The first electoral test for Indira was the 1967 general elections for the Lok sabha and state assemblies. The Congress Party won a reduced majority for the Lok sabha in these elections owing to widespread disenchantment over rising prices of commodities, unemployment, economic stagnation and a food crisis. Indira Gandhi had started on a rocky note after agreeing to a devaluation of the rupee, which created much hardship for Indian businesses and consumers, and the import of wheat from the United States fell through due to political disputes.[31]

The party also for the first time lost power or lost majority in a number of states across the country. Following the 1967 elections, Indira Gandhi gradually started moving towards socialist policies. In 1969, she fell out with senior Congress party leaders on a number of issues. Chief among them was the decision by Indira to support V. V. Giri, the independent candidate rather than the official Congress party candidate Neelam Sanjiva Reddy for the vacant position of President of India. The other was the announcement by the prime minister of Bank nationalization without consulting the finance minister, Morarji Desai. These steps culminated in Party president S. Nijalingappa expelling her from the party for indiscipline.[32][33][34] Gandhi, in turn floated her own faction of the Congress party and managed to retain most of the Congress MPs on her side with only 65 on the side of Congress (O) faction. The Indira faction, called Congress (R), lost its majority in the parliament but remained in power with the support of regional parties such as DMK.[35] The policies of the Congress under Indira Gandhi, prior to the 1971 elections, also included proposals for the abolition of Privy Purse to former rulers of the Princely states and the 1969 nationalization of the fourteen largest banks in India.


Garibi Hatao (Eradicate Poverty) was the theme for Gandhi's 1971 bid.
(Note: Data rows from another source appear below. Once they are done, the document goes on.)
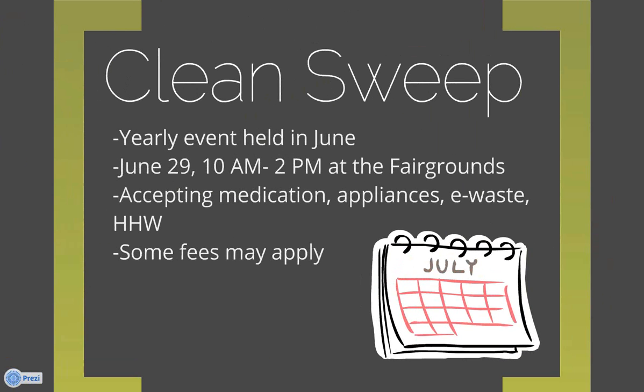The last thing to mention is the Douglas County Clean Sweep, a yearly event held every June. This year it's June 29th from 10 a.m. to 2 p.m. at the fairgrounds in Superior. They will be accepting medication, appliances, e-waste, and household hazardous waste. Some fees may apply. You can see Douglas County's website or contact Mary Kloon at Douglas County Recycling for more information.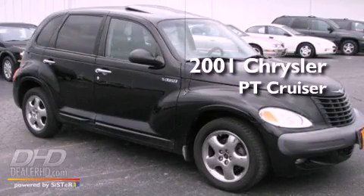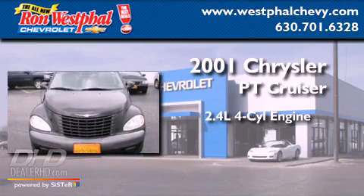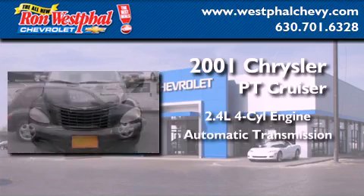This is a 2001 Chrysler PT Cruiser. It features a 2.4-liter four-cylinder engine and an automatic transmission.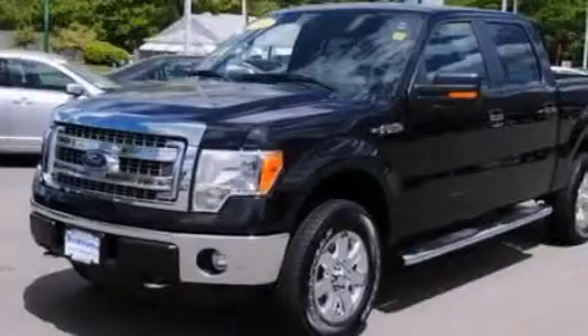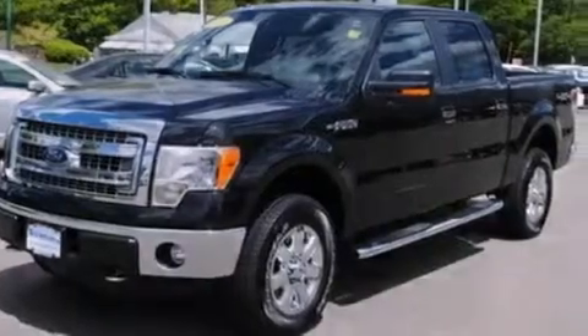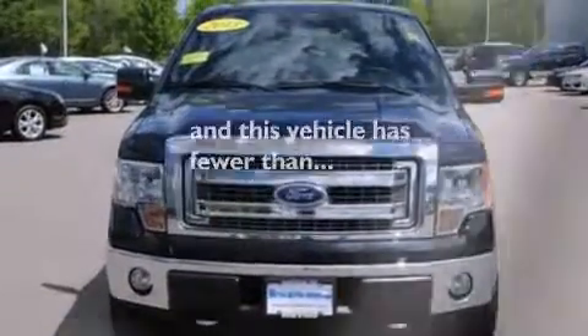Side impact airbags, air conditioning, a split folding rear seat, and this vehicle has less than 12,000 miles.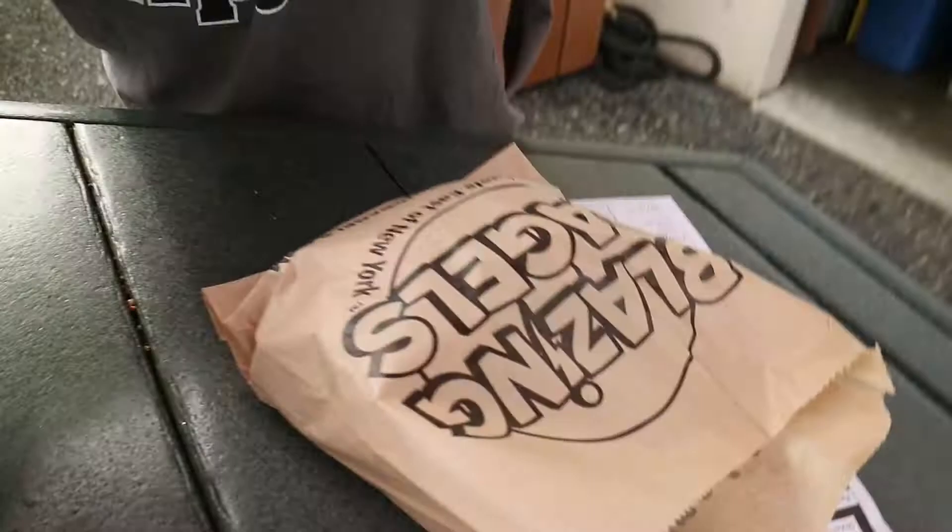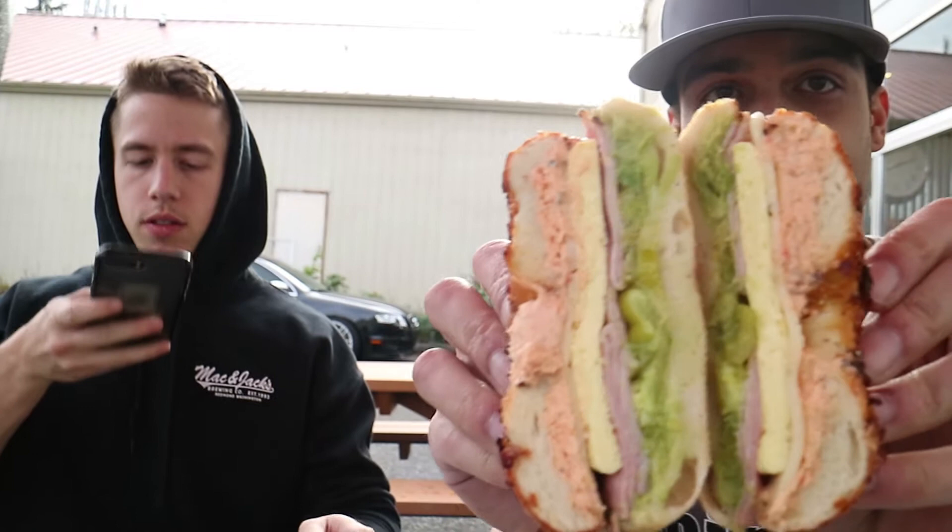We've got to eat our bagels real quick and then go to Exotics to see some nice cars. Bagels and biceps. Small guys flexing in front of people.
On the other hand, the combined opposition alliance had a two word manifesto of "Indira Hatao" (Remove Indira).[36][37] The Garibi Hatao slogan and the proposed anti-poverty programs that came with it were designed to give Gandhi an independent national support, based on rural and urban poor. This would allow her to bypass the dominant rural castes both in and of state and local governments; likewise the urban commercial class. And, for their part, the previously voiceless poor would at last gain both political worth and political weight[citation needed]. The programs created through Garibi Hatao, though carried out locally, were funded and developed by the Central Government in New Delhi. The program was supervised and staffed by the Indian National Congress party. "These programs also provided the central political leadership with new and vast patronage resources to be disbursed... throughout the country.",[38]

The biggest achievement of Indira Gandhi after the 1971 election came in December 1971 with India's decisive victory over Pakistan in the liberation war, that led to the formation of independent Bangladesh. She was hailed as Goddess Durga by opposition leader Atal Bihari Vajpayee at that time.[39][40][41][42][note 1] In the elections held for State assemblies across India in March 1972, the Congress (R) swept to power in most states riding on the post-war "Indira wave".[44]

Despite the victory against Pakistan, the Congress government faced numerous problems during this term. Some of these were due to high inflation which was in turn caused by war time expenses, drought in some parts of the country and more importantly, the 1973 oil crisis. The opposition to Gandhi in 1973–75 period, after the Indira wave had receded, was strongest in the states of Bihar and Gujarat. In Bihar, Jayaprakash Narayan, the veteran leader came out of retirement to lead the protest movement there.[44]

Verdict on electoral malpractice[edit]

On 12 June 1975, the Allahabad High Court declared Indira Gandhi's election to the Lok Sabha in 1971 void on grounds of electoral malpractice. In an election petition filed by her 1971 opponent, Raj Narain (who later on defeated her in 1977 parliamentary election from Raebareli), alleged several major as well as minor instances of using government resources for campaigning.[45][46] The court ordered her stripped of her parliamentary seat and banned from running for any office for six years. According to constitution, the Prime Minister must be a member of either the Lok Sabha (the lower house in the Parliament of India) or a member of the Rajya Sabha (the upper house). Thus, this decision effectively removed her from office. Gandhi had asked one of her colleagues in government, Mr. Ashoke Kumar Sen to defend her in court.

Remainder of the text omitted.